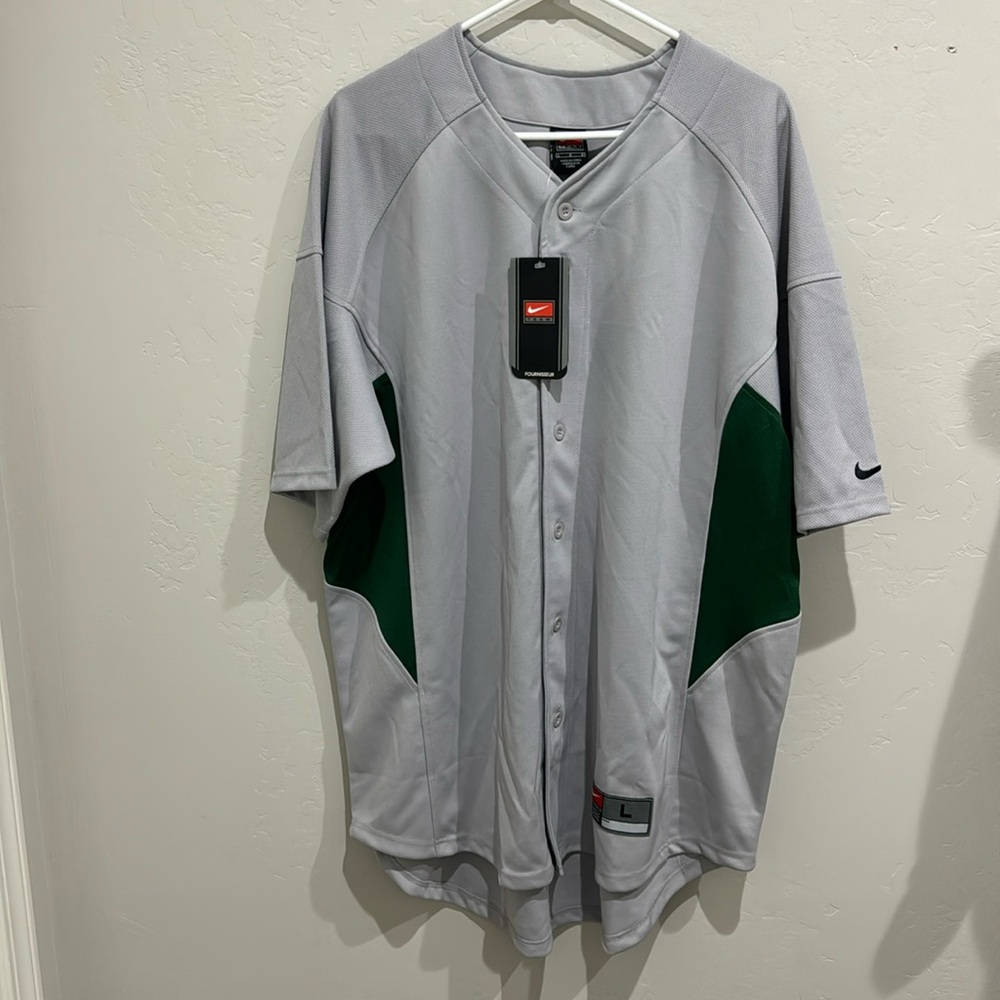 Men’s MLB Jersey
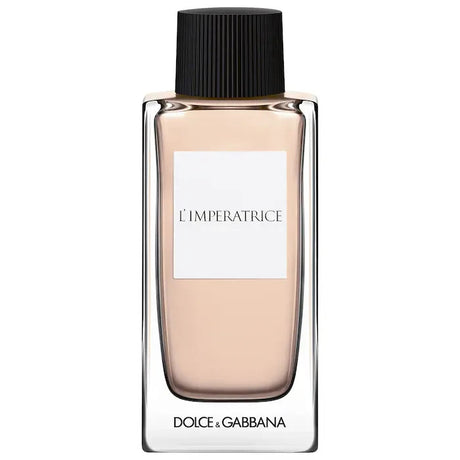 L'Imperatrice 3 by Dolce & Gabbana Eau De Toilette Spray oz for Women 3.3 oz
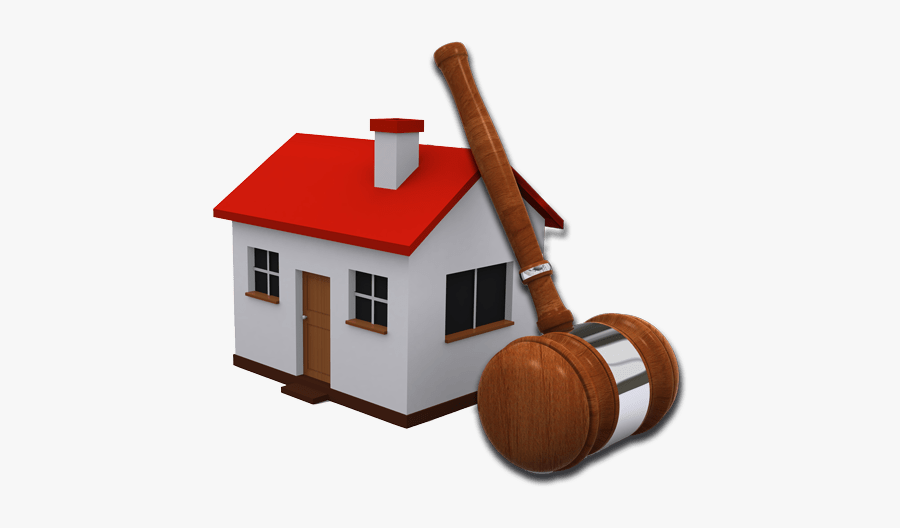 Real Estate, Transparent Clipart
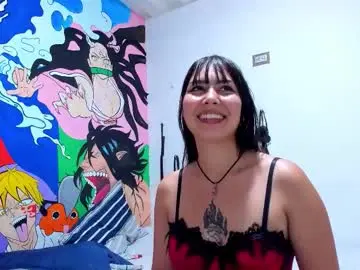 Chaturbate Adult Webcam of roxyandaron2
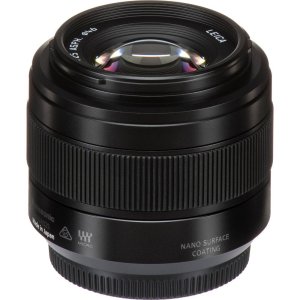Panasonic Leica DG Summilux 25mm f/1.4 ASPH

### Goal of the exercise:
Every line of the listing above is to be repeated exactly, with its pictures left out.

### Completed exercise:
 Men’s MLB Jersey
 L'Imperatrice 3 by Dolce & Gabbana Eau De Toilette Spray oz for Women 3.3 oz
 Real Estate, Transparent Clipart
 Chaturbate Adult Webcam of roxyandaron2
Panasonic Leica DG Summilux 25mm f/1.4 ASPH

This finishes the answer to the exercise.